Transcribe all the data below exactly, leaving its pictures out.

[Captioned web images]

+++

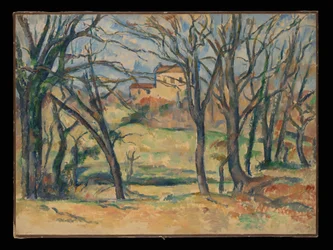 Arbres et maisons près du Jas de Bouffan
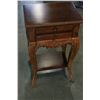 Image 1 : 2-DRAWER WALNUT PLANTSTAND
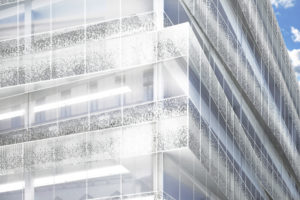 Raamdetail Kantoorgebouw Befimmo Guimard 9, Brussel
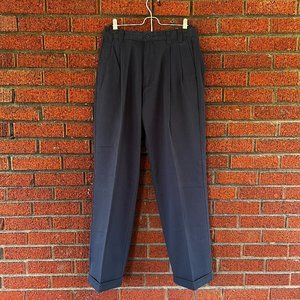 NWT Navy Blue Duck Head 32x32 Pleat Front Pants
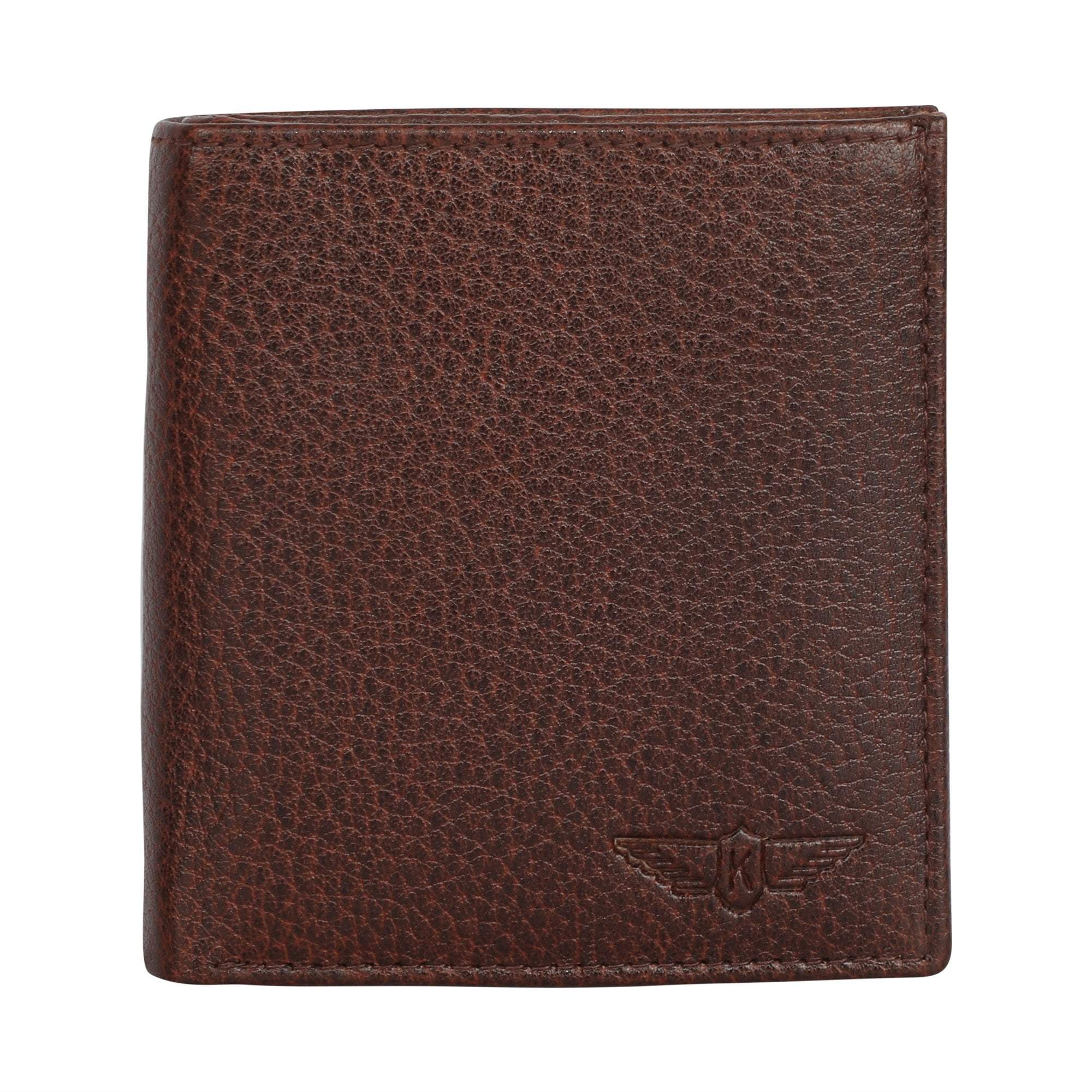 kinnoti Wallets 100% Genuine Leather Wallet (Brown)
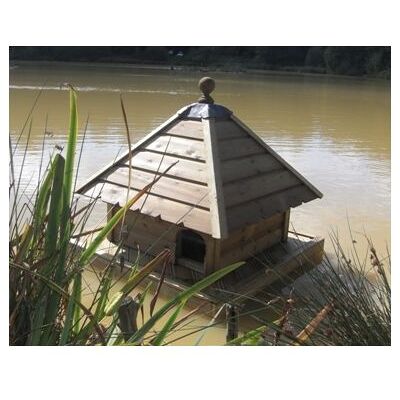 Small Square Floating Duck House, Waterfowl Nesting Box for Pond or Lake Small Square Floating Duck House, Waterfowl Nesting Box for Pond or Lake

+++

Written response
 Arbres et maisons près du Jas de Bouffan
 Image 1 : 2-DRAWER WALNUT PLANTSTAND
 Raamdetail Kantoorgebouw Befimmo Guimard 9, Brussel
 NWT Navy Blue Duck Head 32x32 Pleat Front Pants
 kinnoti Wallets 100% Genuine Leather Wallet (Brown)
 Small Square Floating Duck House, Waterfowl Nesting Box for Pond or Lake Small Square Floating Duck House, Waterfowl Nesting Box for Pond or Lake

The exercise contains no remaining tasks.